The JOBS Act and the Proposed Amendments loosen these current restrictions by allowing issuers that rely on Rule 506, including private funds, to publicly advertise the sale of their securities and engage in other forms of general solicitation without needing to register the securities being offered with the SEC.

Rule 506

Under the Proposed Amendments, issuers of securities will be permitted to communicate freely with potential investors to raise capital, including through the use of general solicitation, as set forth in new Rule 506(c). Pursuant to this new rule, general solicitation will be permitted by an issuer provided that (1) the issuer takes reasonable steps to verify that each purchaser qualifies as an “accredited investor” as defined in Regulation D of the Securities Act and (2) either (A) the purchaser actually qualifies as an accredited investor or (B) the issuer reasonably believes that the investor falls within one of the accredited investor categories at the time of purchase.

In drafting the Proposed Amendments, the SEC declined to specify what steps would be considered reasonable in verifying the accredited investor status of a purchaser. Instead, the SEC said that whether or not steps taken in verifying accredited investor status were reasonable would be an objective determination made on a case-by-case basis, dependent upon the facts and circumstances of each transaction. The SEC did set forth a brief, non-exclusive set of factors that should be taken into consideration (considering the circumstances), which include:

  • the nature of the purchaser and the type of accredited investor the purchaser claims to be;
  • the amount and type of information the issuer has regarding the purchaser; and
  • the nature of the offering, meaning: (i) the manner in which the purchaser was solicited to participate in the offering and (ii) the terms of the offering, such as minimum investment amount.  

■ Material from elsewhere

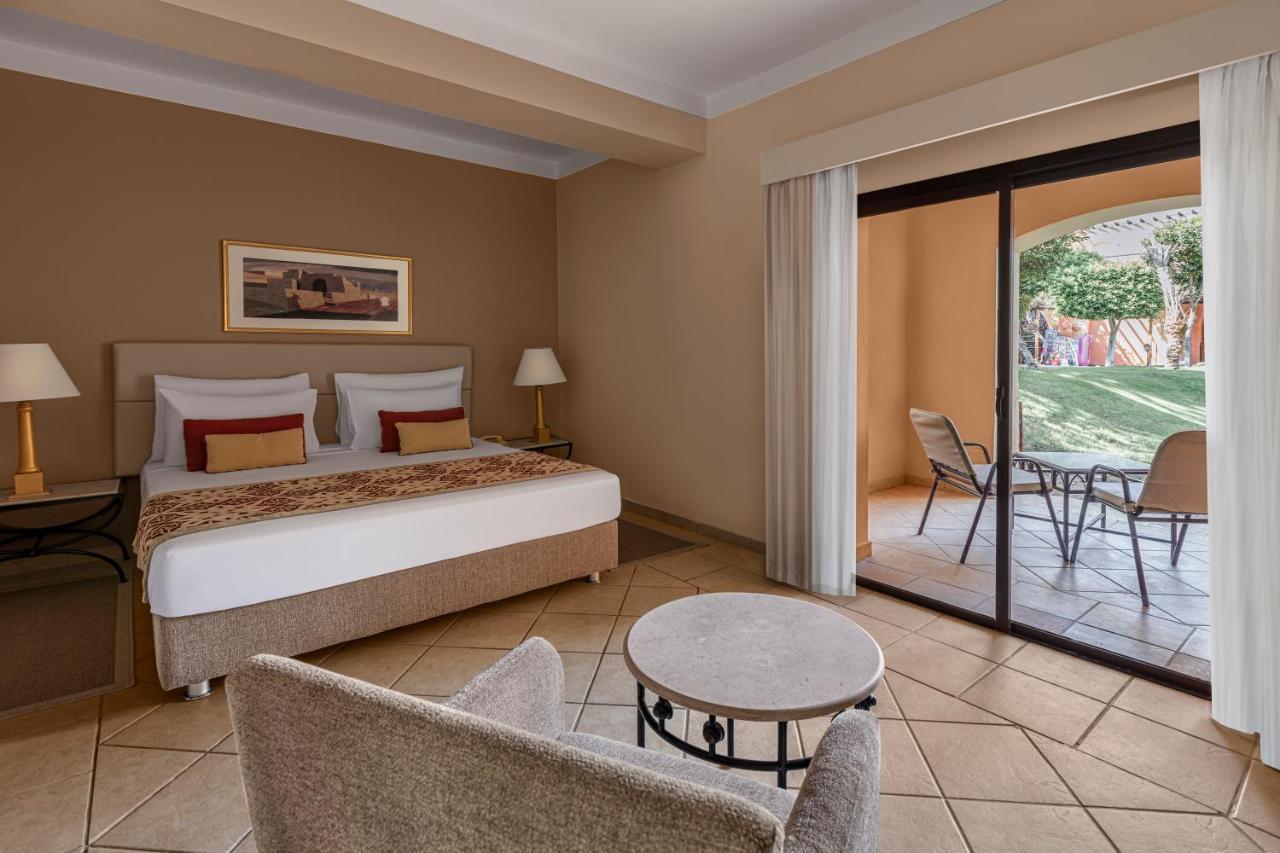 Jaz Makadi Saraya Resort Hurghada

The Proposed Amendments note that it would be acceptable for an issuer to use different methods of verification for different types of investors. The SEC has requested comments on this aspect of the Proposed Amendments, specifically inquiring as to whether industry participants felt that further, more specific guidance with respect to what steps would be considered reasonable in verifying accredited investor status was warranted and asking for suggestions as to what verification procedures would be reasonable and practical.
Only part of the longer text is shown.